Une monoparentalité propre aux Antilles-Guyane ?
Au regard de ces chiffres, on serait tenté de dire que la monoparentalité est propre aux Antilles-Guyane. Il est vrai que, la société antillo-guyanaise, post-esclavagiste et post-coloniale porte encore les stigmates de ce passé douloureux. Pilier du foyer, la femme antillaise a toujours joué un rôle central au sein de sa famille. D'ailleurs en créole, on dit " fanm poto mitan". A cheval entre la lointaine Afrique, où subsiste encore des sociétés matriarcale et la société créole qu est apparue dans les Amériques, la figure féminine à la fois vulnérable, jouait un très grand rôle dans la société d'habitation. De prime abord considérée comme une " génitrice", la femme noire fut utilisée par le maître pour mettre au monde de futurs esclaves qui seront vendus par ce dernier ou qui travailleront pour son profit. En outre,
" elle porte la lourde responsabilité institutionnelle et symbolique de la transmission de la condition servile. Aussi, les femmes étaient-elles condamnées à pérenniser un système dont elles étaient elles-mêmes les victimes, et à assumer, en plus de leur propre condition d’esclave, une sorte de servitude redoublée, puisqu’elles devaient aussi être les garantes de la servitude de leurs enfants, lorsque ceux-ci ne leur étaient pas arrachés très tôt, le lait maternel de la femme esclave servant, en priorité, à nourrir les enfants du maître. "

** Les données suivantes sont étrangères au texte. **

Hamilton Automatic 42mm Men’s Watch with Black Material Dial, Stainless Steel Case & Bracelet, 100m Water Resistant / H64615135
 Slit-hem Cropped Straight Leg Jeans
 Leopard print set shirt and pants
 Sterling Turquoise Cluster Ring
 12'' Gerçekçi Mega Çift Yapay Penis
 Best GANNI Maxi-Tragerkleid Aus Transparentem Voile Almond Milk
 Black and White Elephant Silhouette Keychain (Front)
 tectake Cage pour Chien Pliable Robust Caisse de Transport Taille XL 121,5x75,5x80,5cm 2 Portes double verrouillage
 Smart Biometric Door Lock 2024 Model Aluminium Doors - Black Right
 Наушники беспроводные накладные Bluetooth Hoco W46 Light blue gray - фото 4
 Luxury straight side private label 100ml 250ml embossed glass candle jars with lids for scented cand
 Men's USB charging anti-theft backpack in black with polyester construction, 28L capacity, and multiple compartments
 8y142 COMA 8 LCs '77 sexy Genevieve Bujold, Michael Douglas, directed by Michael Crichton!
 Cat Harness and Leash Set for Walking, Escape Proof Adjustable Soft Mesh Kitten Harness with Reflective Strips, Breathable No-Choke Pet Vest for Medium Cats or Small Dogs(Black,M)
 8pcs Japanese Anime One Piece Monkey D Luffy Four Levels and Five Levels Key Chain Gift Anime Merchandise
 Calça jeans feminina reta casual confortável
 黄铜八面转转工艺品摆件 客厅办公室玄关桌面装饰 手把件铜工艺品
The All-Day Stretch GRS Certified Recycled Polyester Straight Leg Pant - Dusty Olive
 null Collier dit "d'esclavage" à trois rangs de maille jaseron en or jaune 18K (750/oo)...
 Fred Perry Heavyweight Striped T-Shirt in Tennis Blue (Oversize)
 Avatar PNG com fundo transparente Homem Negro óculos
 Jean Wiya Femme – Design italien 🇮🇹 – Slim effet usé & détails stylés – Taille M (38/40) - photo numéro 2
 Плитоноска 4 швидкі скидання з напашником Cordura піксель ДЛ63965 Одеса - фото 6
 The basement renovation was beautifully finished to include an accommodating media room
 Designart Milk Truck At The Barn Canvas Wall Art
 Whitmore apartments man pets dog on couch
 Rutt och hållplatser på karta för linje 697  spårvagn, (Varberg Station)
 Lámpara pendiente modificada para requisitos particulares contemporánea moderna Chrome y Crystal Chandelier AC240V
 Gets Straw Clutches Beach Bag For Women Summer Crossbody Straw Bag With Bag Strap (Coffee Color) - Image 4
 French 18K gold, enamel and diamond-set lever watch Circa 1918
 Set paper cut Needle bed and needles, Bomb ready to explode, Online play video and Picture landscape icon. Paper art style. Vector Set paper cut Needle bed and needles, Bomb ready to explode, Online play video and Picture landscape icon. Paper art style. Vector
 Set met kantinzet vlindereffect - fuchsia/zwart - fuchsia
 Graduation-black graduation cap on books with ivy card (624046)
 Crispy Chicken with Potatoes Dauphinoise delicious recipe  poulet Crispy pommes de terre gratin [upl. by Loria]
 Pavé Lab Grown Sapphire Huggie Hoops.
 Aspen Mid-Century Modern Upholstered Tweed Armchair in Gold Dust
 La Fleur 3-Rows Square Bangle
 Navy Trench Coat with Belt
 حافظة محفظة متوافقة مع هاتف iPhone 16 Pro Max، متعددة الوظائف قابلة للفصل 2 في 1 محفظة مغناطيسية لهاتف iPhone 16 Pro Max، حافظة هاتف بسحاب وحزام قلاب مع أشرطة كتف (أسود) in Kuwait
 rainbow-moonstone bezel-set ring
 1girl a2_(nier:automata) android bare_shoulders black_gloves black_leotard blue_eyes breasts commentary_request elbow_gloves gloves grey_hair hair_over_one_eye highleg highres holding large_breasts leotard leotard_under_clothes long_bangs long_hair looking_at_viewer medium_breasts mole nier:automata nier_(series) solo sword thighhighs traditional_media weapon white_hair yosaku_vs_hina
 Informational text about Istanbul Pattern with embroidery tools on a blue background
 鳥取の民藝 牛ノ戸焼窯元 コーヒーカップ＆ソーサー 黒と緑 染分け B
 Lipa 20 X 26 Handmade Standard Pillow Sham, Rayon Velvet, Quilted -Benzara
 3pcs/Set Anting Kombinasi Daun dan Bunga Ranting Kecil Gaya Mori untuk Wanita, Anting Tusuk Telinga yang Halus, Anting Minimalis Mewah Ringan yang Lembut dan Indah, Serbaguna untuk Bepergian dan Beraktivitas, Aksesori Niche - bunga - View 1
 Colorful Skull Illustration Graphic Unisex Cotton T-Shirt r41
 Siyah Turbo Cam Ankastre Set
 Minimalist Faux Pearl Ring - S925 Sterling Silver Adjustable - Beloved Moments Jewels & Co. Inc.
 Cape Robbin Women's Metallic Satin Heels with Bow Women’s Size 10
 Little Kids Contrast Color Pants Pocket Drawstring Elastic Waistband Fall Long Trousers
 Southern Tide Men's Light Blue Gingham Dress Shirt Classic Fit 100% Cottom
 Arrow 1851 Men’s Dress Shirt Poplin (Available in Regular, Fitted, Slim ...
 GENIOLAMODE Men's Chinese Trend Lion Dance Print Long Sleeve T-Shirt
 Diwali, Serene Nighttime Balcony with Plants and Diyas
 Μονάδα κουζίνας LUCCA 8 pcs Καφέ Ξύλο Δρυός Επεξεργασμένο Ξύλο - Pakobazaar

Il y a dans ces territoires anciennement esclavagistes, un inconscient social reposant sur ce qu'Edouard Glissant nomme, le mythe du viol fondateur, réduisant la condition de la femme noire esclave qui avait la charge de sa progéniture en plus de celle des enfants du maître qui avaient la plus grande attention " C’était à elle que les maîtres blancs confiaient leurs enfants, leurs personnes âgées et malades, leur santé, leur alimentation, leur apparence et même leur sommeil." De plus, la femme esclave est celle dont l’affect a été systématiquement sollicité en plus de ses bras, ce qui n’a pas été le cas de l’esclave masculin. Cette dimension affective apporte une spécificité propre, mais également une dose de cruauté supplémentaire à son expérience de la servitude
L'homme noir esclave quant à lui, ne tint que le rôle de simple géniteur, incapable de faire preuve de sentiment et d'émotion et; du coup de prendre soin de sa progéniture. Il faut dire, qu'il en était empêché du fait de sa condition d'esclave. C'est donc autour de cette injustice historique que la société antillo-guyanaise créole s'est construite, avec une sacralisation de la figure maternelle et l'absence de figure paternelle, car,
" L’homme, à une paternité qui se résume à la fonction de géniteur, puisqu’il n’est ni le père « légal » puisque se rôle appartenait au maître , ni le père capable d’inscrire ses enfants dans une lignée. " Ce dernier pouvait à tout moment se voir séparer de sa femme et de ses enfants. La mère s’est retrouvée rapidement dans la position d’être la seule garante de l’éducation et de la survie de ses enfants. On retrouve là l’un des traits définitoires de la figure de la « fanm potomitan [...] le nègre esclave, il n’est ni un père légal, puisqu’il est destitué de tout droit par le Code noir, ni le père qui engendre les mulâtres (sauf à imaginer qu’il les ait eus avec une femme blanche). Il n’est que le géniteur d’une lignée de négrillons à qui il ne peut rien transmettre, si ce n’est son capital physique »
C'est sans doute la raison pour laquelle le modèle monoparental est si répandu aux Antilles-Guyane et que le même schéma familial se répète, des générations après la fin de l'esclavage.